Cuando hablaba de ciudadanos de Cataluña sabía muy bien a qué se refería. "Catalans y no catalans", dijo en otro momento de su intervención para reconocer el trabajo de quienes habían hecho posible la vuelta a la democracia tras la derrota de 1939 y el largo régimen franquista. Reconocía la misma categoría civil a los nativos y a los de fuera, sin conceder mayor importancia a la procedencia de cada uno, su idioma o su ideología; ni recurrir al fariseísmo que durante tantos años usó Jordi Pujol y su nacionalismo para esconder la verdad oculta tras aquel un sol poble.

Por eso es de agradecer que gentes como Laura Borràs se despojen de sus disfraces institucionales y hablen de “los castellanos” para referirse a catalanes de pleno derecho que no tienen el catalán como idioma habitual. Ya veremos qué dice, si es que aún tiene altavoces para hacerse oír, cuando sean americanos, africanos o asiáticos quienes reivindiquen --exijan-- sus señas de identidad en Cataluña.

Durante la dictadura, los Borràs de turno hablaban de los castellanos para referirse a los obreros llegados de fuera cuando lo hacían educadamente; si se dejaban arrastrar por el instinto se referían a los charnegos, murcianos o gallegos. Si el forastero era notario, empresario o un profesional, la consideración cambiaba. Está claro que ellos vuelven donde solían. Se han quitado la máscara.

Es cierto que el final del procés trata de mantener la confrontación con lo único que les queda, la lengua. Estamos de acuerdo en que la polémica actual, el caso Canet de Mar, es un recurso más, otro capítulo de la comedia que anteponen a cuestiones básicas de la vida como la pobreza o el racismo.

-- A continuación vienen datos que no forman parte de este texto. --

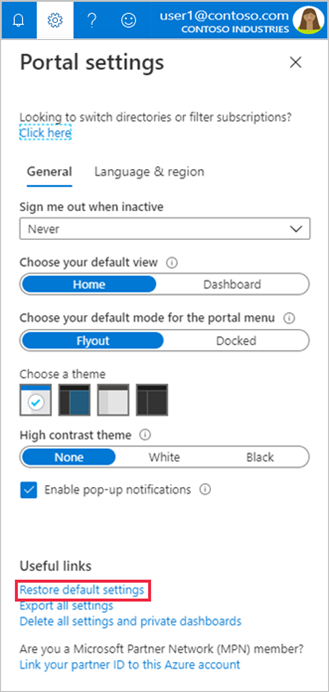 Screenshot showing restore of default settings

Pero probablemente ha llegado el momento de poner las cosas en su sitio. Si el nacionalismo catalán mantiene su proyecto de distinguir a los ciudadanos en función del idioma, de la procedencia o de los apellidos, está bien que lo haga a las claras y sin subterfugios. Ahí estaremos todos porque, aunque se empeñen en meter la cabeza debajo del ala, el recuerdo del 17 de agosto de 2017 pervive: jóvenes de ascendencia magrebí con un dominio nativo del catalán adquirido en la Cataluña más catalana demostraron ser impermeables a los valores humanos, sociales y políticos del sistema. El idioma es un instrumento, no una identidad.

Los sociólogos no acaban de ponerse de acuerdo en si el hombre es bueno por naturaleza, pero que la educación y la sociedad le corrompen, o si nace ya con los instintos animales de otras especies. En cualquier caso, está claro en qué lado se situaba Tarradellas cuando apelaba a la concordia --y la prosperidad-- aun reconociendo las diferencias entre los ciudadanos. Como también resulta evidente qué instintos excitan quienes califican de ataque a Cataluña que un tribunal exija el cumplimiento de la ley catalana de enseñanza, arengan a la gente, se suman a manifestaciones de victimismo (la cuna del odio) y crean cuerpos parapoliciales de vigilancia lingüística.